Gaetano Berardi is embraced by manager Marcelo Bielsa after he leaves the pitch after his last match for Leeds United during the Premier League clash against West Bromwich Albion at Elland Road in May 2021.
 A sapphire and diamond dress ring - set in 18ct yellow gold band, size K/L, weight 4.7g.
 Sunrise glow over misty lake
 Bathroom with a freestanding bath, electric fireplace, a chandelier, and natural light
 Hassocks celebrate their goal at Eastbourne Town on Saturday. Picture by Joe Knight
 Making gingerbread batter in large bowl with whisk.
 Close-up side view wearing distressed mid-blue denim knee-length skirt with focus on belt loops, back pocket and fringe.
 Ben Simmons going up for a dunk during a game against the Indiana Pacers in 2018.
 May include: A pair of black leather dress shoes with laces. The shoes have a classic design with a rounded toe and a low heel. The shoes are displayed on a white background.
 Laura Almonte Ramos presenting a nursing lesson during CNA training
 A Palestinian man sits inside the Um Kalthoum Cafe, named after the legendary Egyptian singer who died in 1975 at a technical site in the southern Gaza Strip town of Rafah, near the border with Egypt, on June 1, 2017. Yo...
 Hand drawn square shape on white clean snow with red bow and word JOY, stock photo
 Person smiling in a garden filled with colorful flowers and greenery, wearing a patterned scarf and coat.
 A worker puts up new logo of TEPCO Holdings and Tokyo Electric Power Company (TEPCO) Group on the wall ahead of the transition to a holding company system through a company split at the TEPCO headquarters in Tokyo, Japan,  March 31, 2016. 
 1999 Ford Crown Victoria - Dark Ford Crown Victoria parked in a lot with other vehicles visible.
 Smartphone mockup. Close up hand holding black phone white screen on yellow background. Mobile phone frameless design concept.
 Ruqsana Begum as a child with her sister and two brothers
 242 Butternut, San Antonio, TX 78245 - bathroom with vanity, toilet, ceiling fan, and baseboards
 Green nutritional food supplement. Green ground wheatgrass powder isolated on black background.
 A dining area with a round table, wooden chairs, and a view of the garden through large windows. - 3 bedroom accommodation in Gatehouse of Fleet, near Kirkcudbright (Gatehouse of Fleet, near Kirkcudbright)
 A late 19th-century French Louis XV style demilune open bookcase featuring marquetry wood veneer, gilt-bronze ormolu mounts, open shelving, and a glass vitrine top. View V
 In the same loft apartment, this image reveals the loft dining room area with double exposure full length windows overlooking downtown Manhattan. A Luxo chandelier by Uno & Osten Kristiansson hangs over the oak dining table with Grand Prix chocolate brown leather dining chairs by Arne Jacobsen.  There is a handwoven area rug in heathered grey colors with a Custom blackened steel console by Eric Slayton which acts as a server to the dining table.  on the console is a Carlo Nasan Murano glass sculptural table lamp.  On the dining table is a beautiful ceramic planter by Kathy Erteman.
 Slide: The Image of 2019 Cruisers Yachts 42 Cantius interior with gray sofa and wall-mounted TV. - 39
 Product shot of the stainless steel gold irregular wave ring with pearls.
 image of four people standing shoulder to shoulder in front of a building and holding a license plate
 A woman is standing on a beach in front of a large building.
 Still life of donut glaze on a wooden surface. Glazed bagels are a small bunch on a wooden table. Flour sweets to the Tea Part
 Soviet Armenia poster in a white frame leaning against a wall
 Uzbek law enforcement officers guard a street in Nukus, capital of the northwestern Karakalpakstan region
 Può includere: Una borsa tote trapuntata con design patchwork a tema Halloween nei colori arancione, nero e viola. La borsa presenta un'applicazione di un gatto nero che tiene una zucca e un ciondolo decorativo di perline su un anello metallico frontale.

• Action item
The records above should be reproduced in full, exactly as they read.

• Problem solution
Gaetano Berardi is embraced by manager Marcelo Bielsa after he leaves the pitch after his last match for Leeds United during the Premier League clash against West Bromwich Albion at Elland Road in May 2021.
 A sapphire and diamond dress ring - set in 18ct yellow gold band, size K/L, weight 4.7g.
 Sunrise glow over misty lake
 Bathroom with a freestanding bath, electric fireplace, a chandelier, and natural light
 Hassocks celebrate their goal at Eastbourne Town on Saturday. Picture by Joe Knight
 Making gingerbread batter in large bowl with whisk.
 Close-up side view wearing distressed mid-blue denim knee-length skirt with focus on belt loops, back pocket and fringe.
 Ben Simmons going up for a dunk during a game against the Indiana Pacers in 2018.
 May include: A pair of black leather dress shoes with laces. The shoes have a classic design with a rounded toe and a low heel. The shoes are displayed on a white background.
 Laura Almonte Ramos presenting a nursing lesson during CNA training
 A Palestinian man sits inside the Um Kalthoum Cafe, named after the legendary Egyptian singer who died in 1975 at a technical site in the southern Gaza Strip town of Rafah, near the border with Egypt, on June 1, 2017. Yo...
 Hand drawn square shape on white clean snow with red bow and word JOY, stock photo
 Person smiling in a garden filled with colorful flowers and greenery, wearing a patterned scarf and coat.
 A worker puts up new logo of TEPCO Holdings and Tokyo Electric Power Company (TEPCO) Group on the wall ahead of the transition to a holding company system through a company split at the TEPCO headquarters in Tokyo, Japan,  March 31, 2016. 
 1999 Ford Crown Victoria - Dark Ford Crown Victoria parked in a lot with other vehicles visible.
 Smartphone mockup. Close up hand holding black phone white screen on yellow background. Mobile phone frameless design concept.
 Ruqsana Begum as a child with her sister and two brothers
 242 Butternut, San Antonio, TX 78245 - bathroom with vanity, toilet, ceiling fan, and baseboards
 Green nutritional food supplement. Green ground wheatgrass powder isolated on black background.
 A dining area with a round table, wooden chairs, and a view of the garden through large windows. - 3 bedroom accommodation in Gatehouse of Fleet, near Kirkcudbright (Gatehouse of Fleet, near Kirkcudbright)
 A late 19th-century French Louis XV style demilune open bookcase featuring marquetry wood veneer, gilt-bronze ormolu mounts, open shelving, and a glass vitrine top. View V
 In the same loft apartment, this image reveals the loft dining room area with double exposure full length windows overlooking downtown Manhattan. A Luxo chandelier by Uno & Osten Kristiansson hangs over the oak dining table with Grand Prix chocolate brown leather dining chairs by Arne Jacobsen.  There is a handwoven area rug in heathered grey colors with a Custom blackened steel console by Eric Slayton which acts as a server to the dining table.  on the console is a Carlo Nasan Murano glass sculptural table lamp.  On the dining table is a beautiful ceramic planter by Kathy Erteman.
 Slide: The Image of 2019 Cruisers Yachts 42 Cantius interior with gray sofa and wall-mounted TV. - 39
 Product shot of the stainless steel gold irregular wave ring with pearls.
 image of four people standing shoulder to shoulder in front of a building and holding a license plate
 A woman is standing on a beach in front of a large building.
 Still life of donut glaze on a wooden surface. Glazed bagels are a small bunch on a wooden table. Flour sweets to the Tea Part
 Soviet Armenia poster in a white frame leaning against a wall
 Uzbek law enforcement officers guard a street in Nukus, capital of the northwestern Karakalpakstan region
 Può includere: Una borsa tote trapuntata con design patchwork a tema Halloween nei colori arancione, nero e viola. La borsa presenta un'applicazione di un gatto nero che tiene una zucca e un ciondolo decorativo di perline su un anello metallico frontale.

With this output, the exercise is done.